“I, TOO SING AMERICA: THE HARLEM RENAISSANCE AT 100” WITH A MISSION TO CREATE A CATALYST TO UNITE, COLLABORATE, AND CELEBRATE THE COLUMBUS BLACK ARTS COMMUNITY THROUGH EDUCATION, EXPOSURE, AND EXPRESSION.
IN THE 1940s, ‘50s AND ‘60s, THE SOUNDS OF JAZZ spilled out onto Mount Vernon Avenue and Long Street. Up-and-comers jammed with the masters they revered at the Yacht Club, the Pythian Theater and the 502 Club. Audiences clamored for performances at the Lincoln Theater, the Cameo, the Dunbar and the Empress.
Will Haygood grew up on the Near East Side toward the end of this decades-long period of exuberance and art. What he saw in a landscape of slowly fading speakeasies and jazz clubs were the remnants and simmering legacy of the Harlem Renaissance, a specifically African American cultural and artistic explosion born in New York in 1918 that spread to other American cities, including Columbus, Cleveland and Cincinnati.

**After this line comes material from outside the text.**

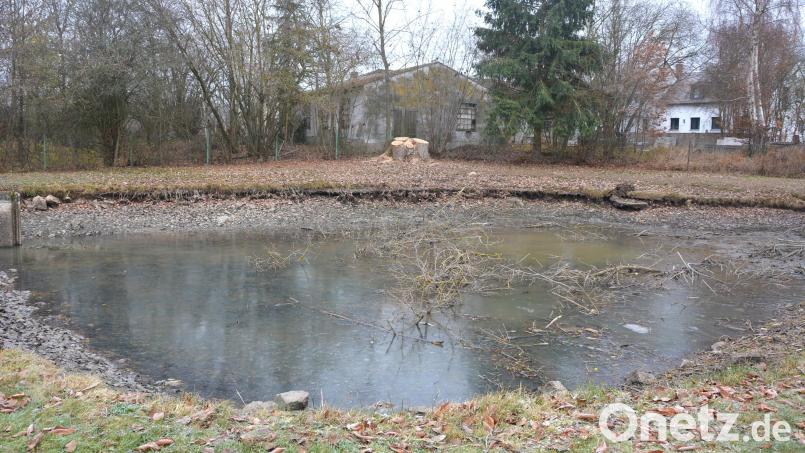 Der Gänsteich in der Gesteinerstraße wurde geleert und wird entlandet. Im Hintergrund wurden mächtige Pappeln gefällt, weil laut Bürgermeister Max Bindl die Verkehrssicherheit gefährdet war. Bild: jr
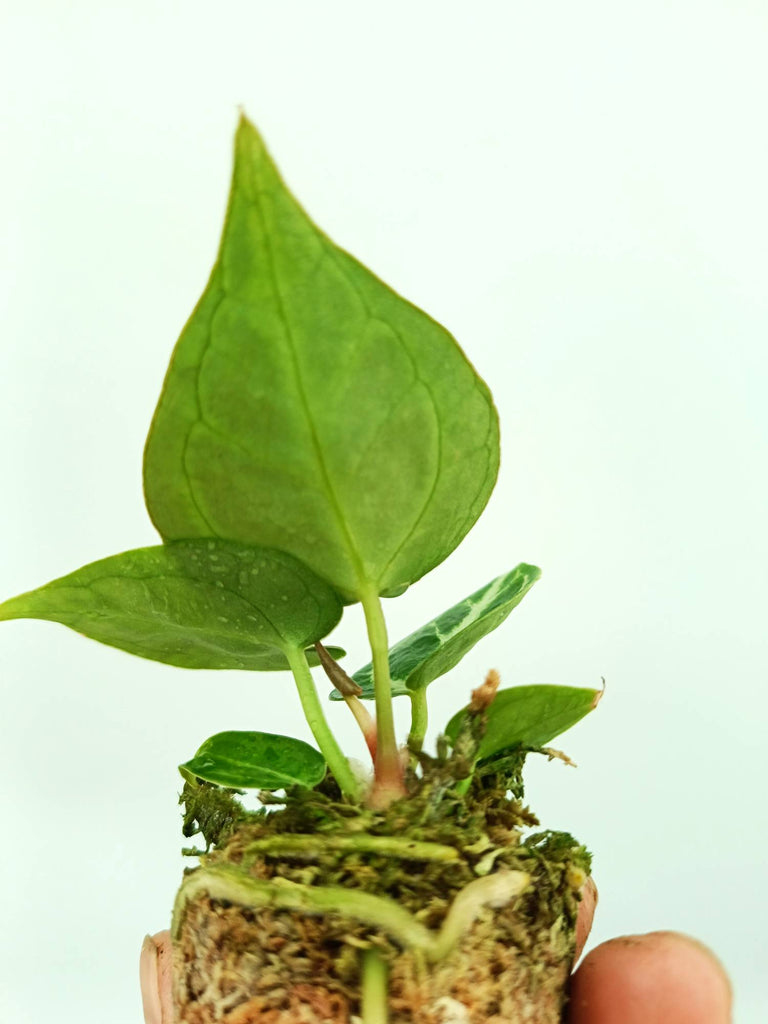 Anthurium dorayaki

The Harlem Renaissance gave us artists and a body of work that remains unparalleled. Out of this groundswell of African American art, writing, theater, music, political thought and journalism emerged Langston Hughes, Zora Neale Hurston, Eubie Banks, Jacob Lawrence. Chester B. Himes, the seminal crime novelist, got his start writing under inauspicious circumstances — tapping out short stories while doing time in the Ohio Penitentiary just a mile from where we sit today. “It really is the story of America, not only black America,” Haygood says. “It is the story of a nation through the prism of artistic soldiers. And all they wanted was peace. There’s not been another epochal period like this when we saw giants — and I mean giants.”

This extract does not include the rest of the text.